Liz Truss came to embody the scepticism of the scrutiny group. She framed climate measures as anti-growth, advocating for fracking and slashing environmental legislation, and was criticised even by former Conservative party leader William Hague. Such rhetoric seems to have held, with Trump, Badenoch and Farage all joining in on the clamour to 'drill baby drill' as a route to economic renewal. Sunak, whilst not tearing up plans for net zero altogether, significantly delayed many targets, such as the phasing out of petrol and diesel cars. He also removed the burden on homeowners and landlords to meet energy efficiency targets. The past five years has seen a depressing regression of climate action.Â
There are many reasons why climate consensus has disintegrated over the past decade. Economic stagnation, the cost-of-living crisis, geopolitical instability and growing political polarisation thanks to emerging fringe parties have all played a part in distracting from long-term objectives. But climate change does not disappear when the news cycle moves on. The tragedy of the current debate is that Britain has already demonstrated that consensus on climate policy is possible.

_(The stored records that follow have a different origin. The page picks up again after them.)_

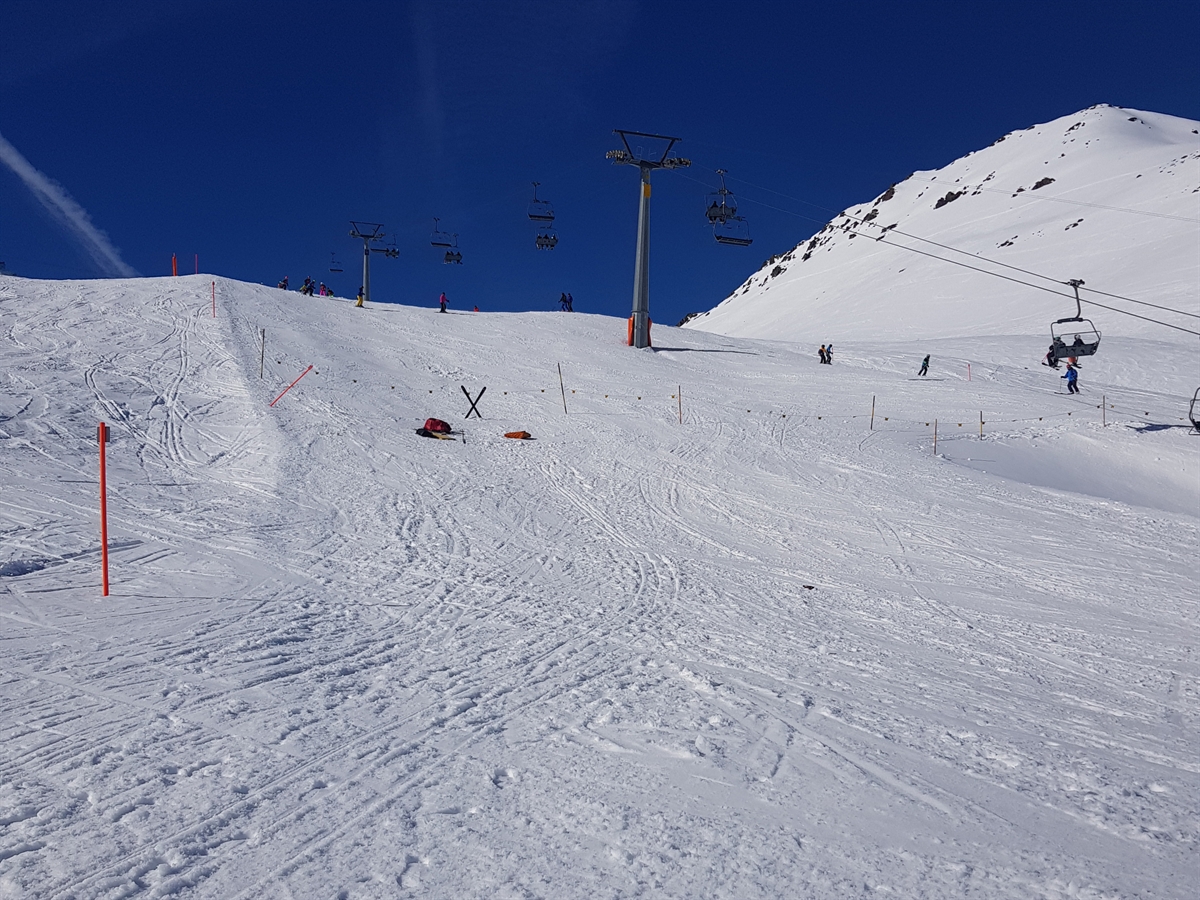 Skipiste mit der Sesselbahn Meierhoftäli. Die leicht abfallende Piste wurde abgesperrt. Bei der Kollisionsstelle liegt ein roter Rucksack.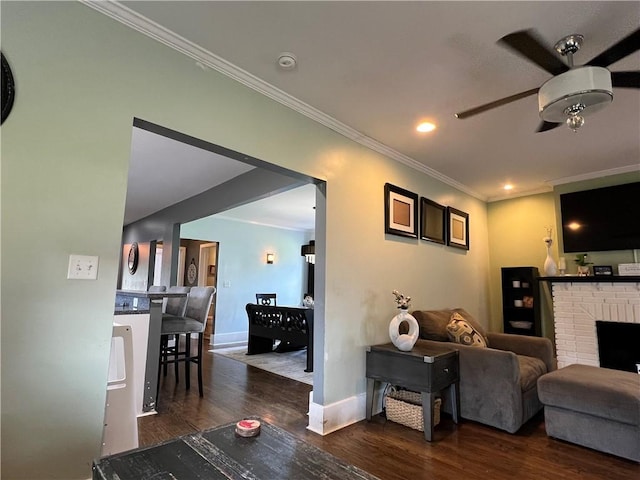 living area with wood finished floors, a fireplace, crown molding, baseboards, and ceiling fan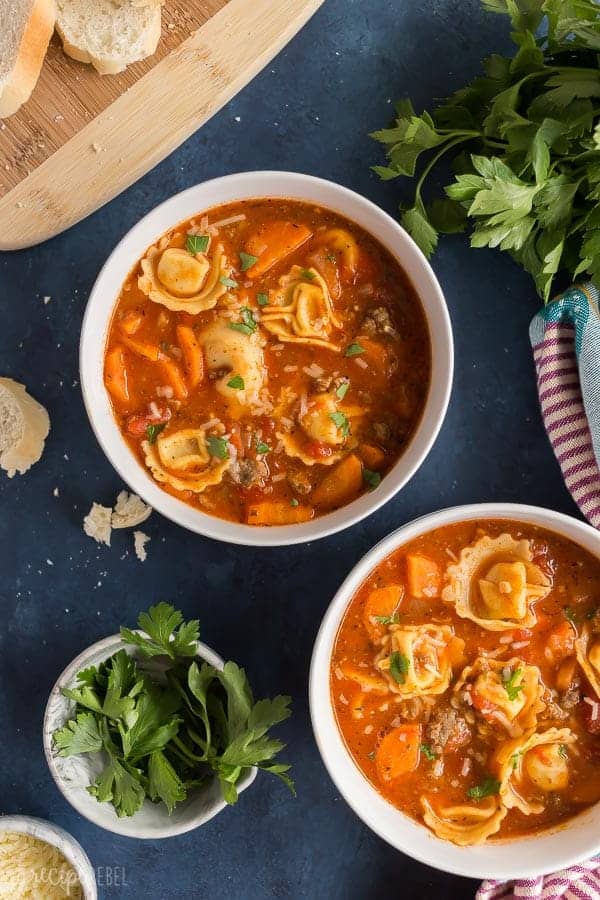 sausage tortellini soup overhead white bowls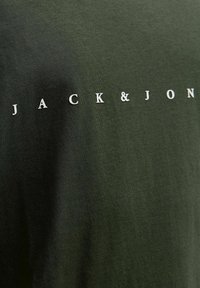 Olivenfarbene T-Shirt mit dem Text "JACK&JON" in Weiß, der sich in der oberen linken Ecke befindet. Der Stoff hat eine glatte Textur.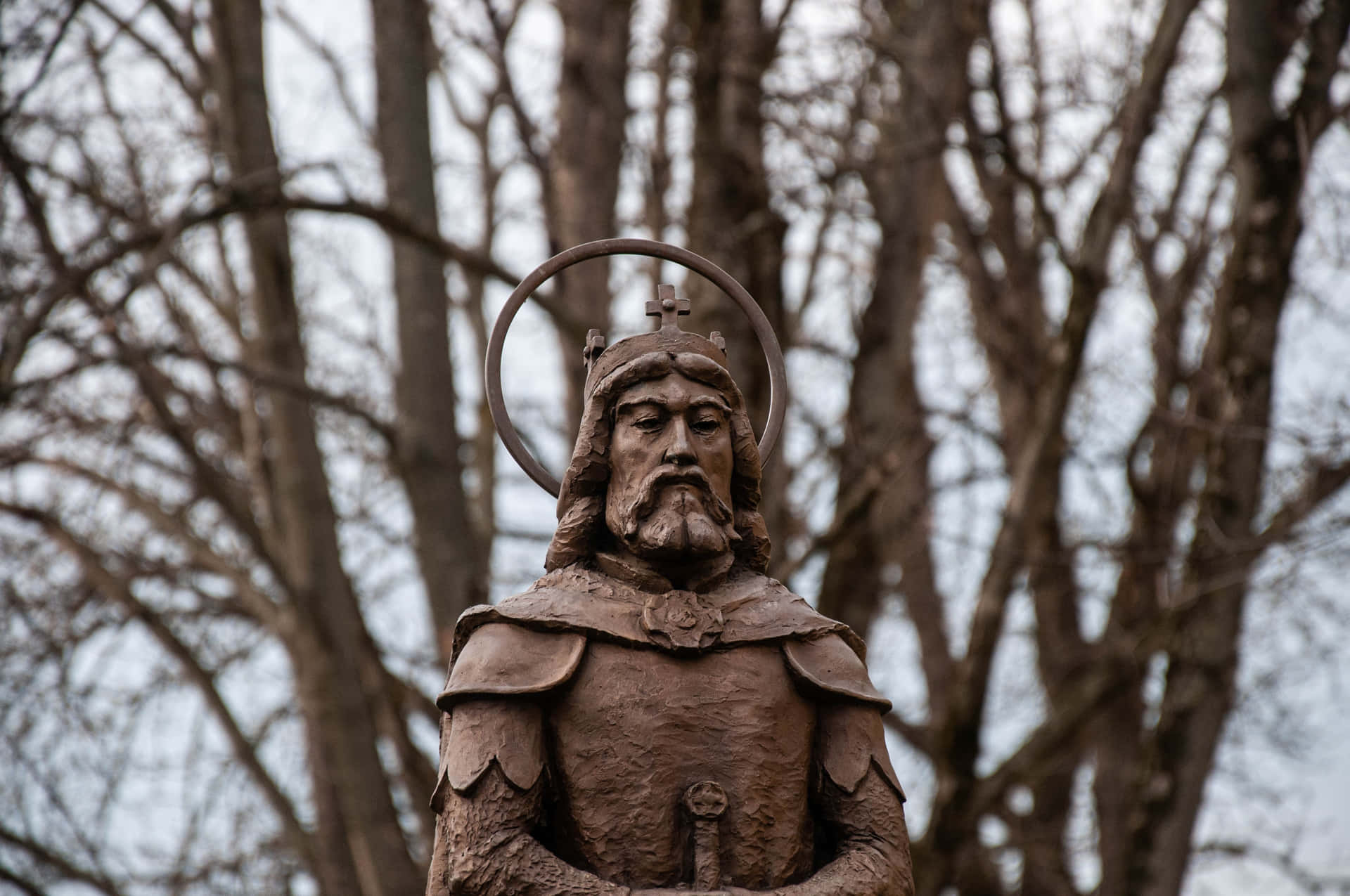 A Statue Of A Man In Armor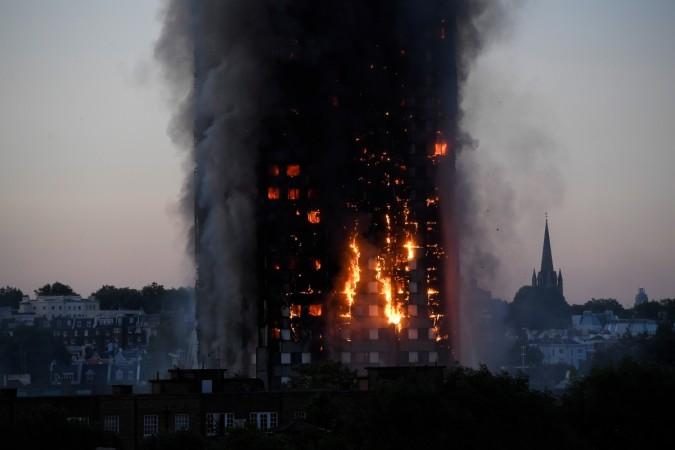 Flames and smoke billow as firefighters deal with a serious fire in a tower block at Latimer Road in West London, Britain June 14, 2017. London Fire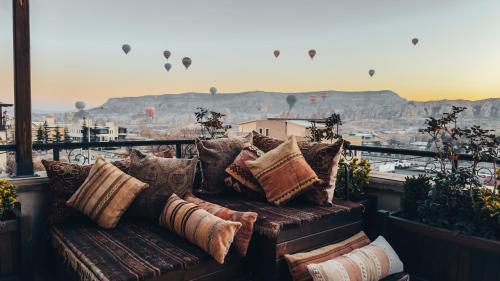 a couch sitting on top of a balcony with a view at Royal Stone Houses - Goreme in Göreme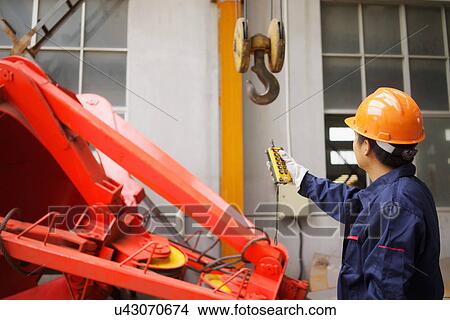 Picture - "Worker using equipment in crane manufacturing facility, China". Fotosearch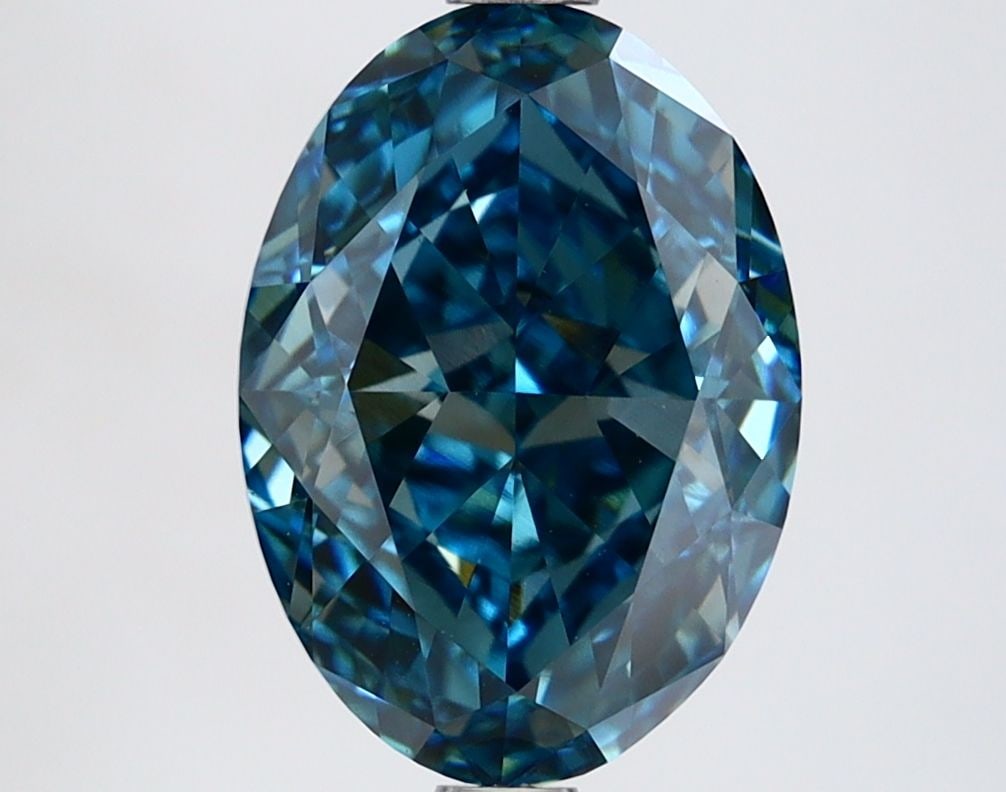 Loose Diamond - OVAL 3.27ct Fancy Vivid Blue VVS2: Loose Diamond - OVAL 3.27ct Fancy Vivid Blue VVS2 Source: This is a real non-mined Diamond that has been grown in a lab Shape: OVAL Carats: 3.27 Color: Fancy Vivid Blue Certification: IGI Video: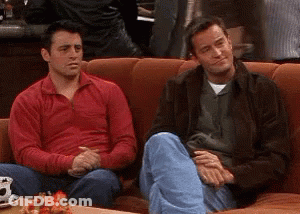 Two Men Sitting On Couch One In Red Sweater GIF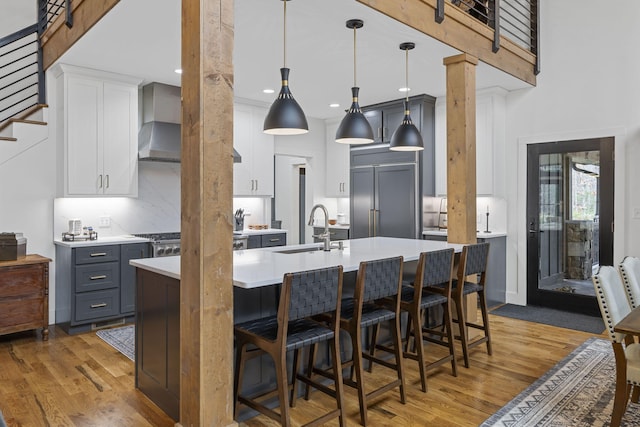 kitchen featuring sink, gray cabinetry, a kitchen breakfast bar, pendant lighting, and white cabinets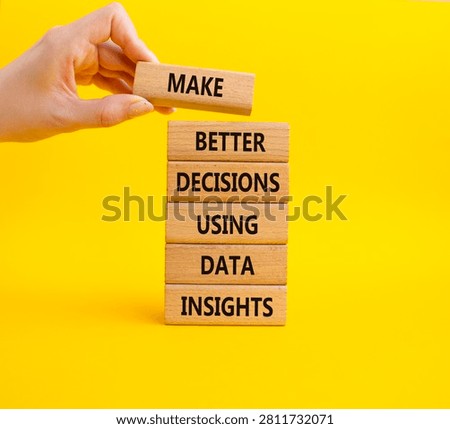 Make better decisions using data insights symbol. Concept words make better decisions using data insights on wooden blocks. Businessman hand. Beautiful yellow background. Business concept. Copy space.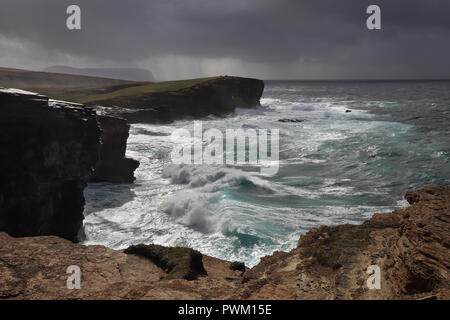 Dramatische Wellen entlang der Klippen am Festland Yesnaby, Orkney, Schottland, UK, als ein Sturm weht aus dem Nordatlantik, Regen und Hoy in der Ferne. Stockfoto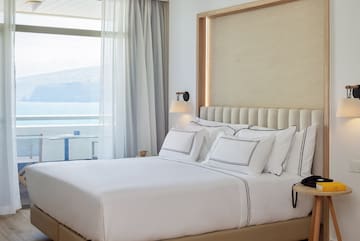 a bed with white sheets and pillows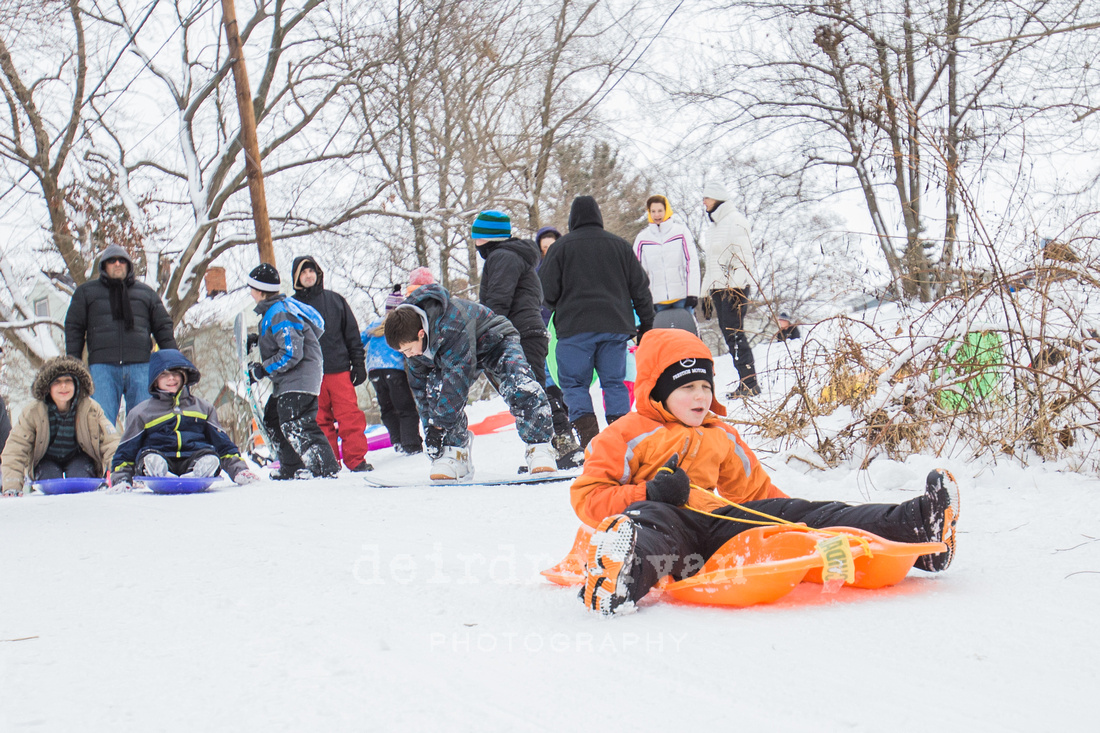 Children sledding down a hill on a snow day from school. Photo by Deirdre Ryan Photography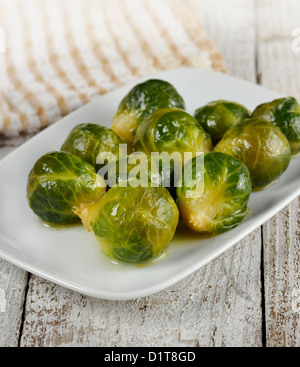 Arrosto di cavolini di Bruxelles in un piatto bianco Foto Stock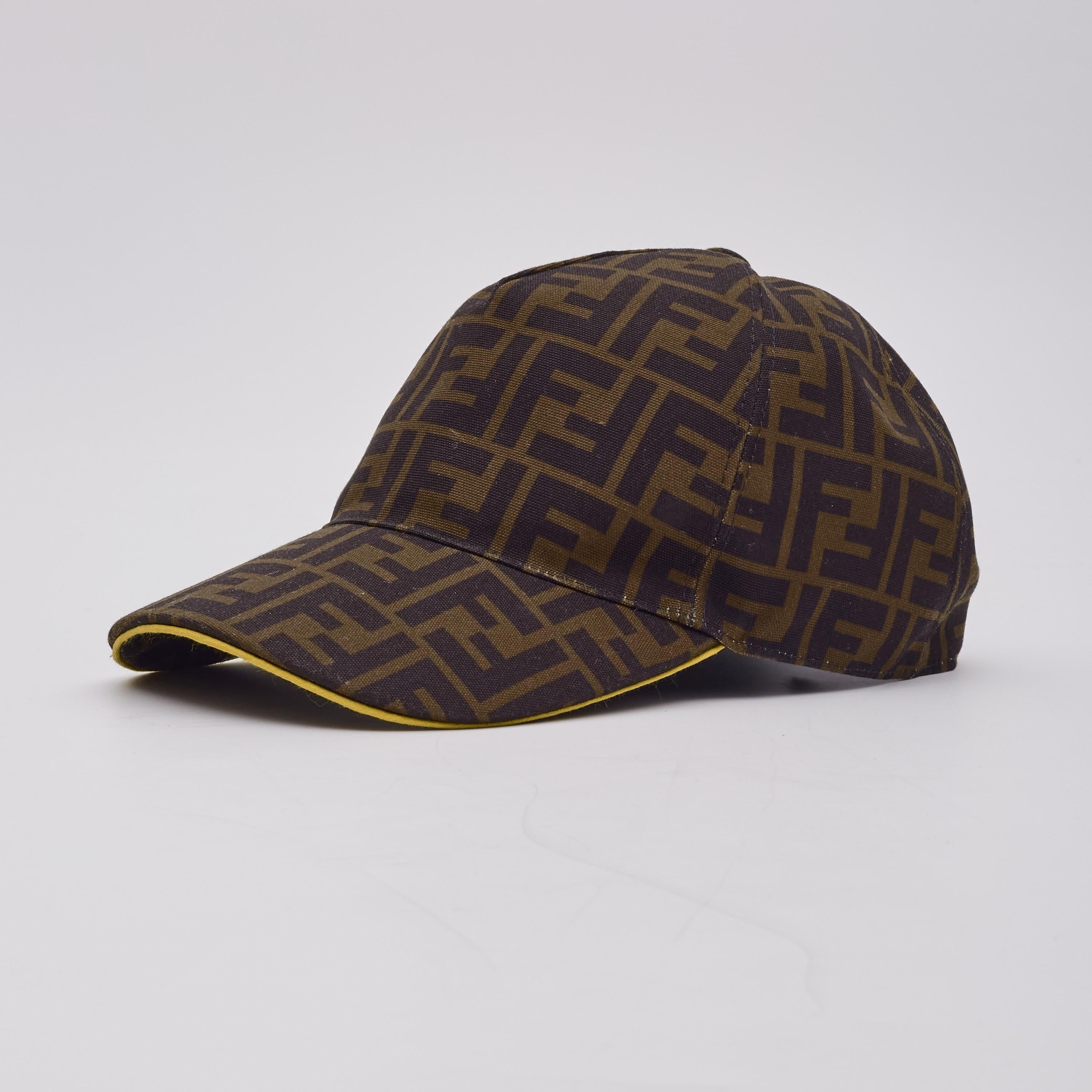 This stylish cap is made of Fendi zucca monogram canvas. The interior is lined with black fabric and the hat features contrasting yellow trim.

Color: tobacco brown with black ff jacquard and yellow trim
Material: 100% polyester
FXQ768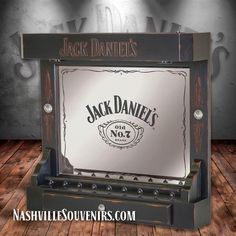 an old fashioned jack daniels machine with the words jack daniels on it's side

For much of the past forty years, governments of different political persuasions broadly agreed on the science and direction of travel towards preventing the climate crisis from cascading out of control. This consensus did not eliminate disagreement altogether - but it did allow successive administrations to pursue a common objective. As global warming becomes more and more immediate and tangible, the challenge is no longer merely the development of suitable policy, but the recovery of a shared sense of purpose. History proves that this agreement is achievable, and the future of the climate depends upon whether we can find it again.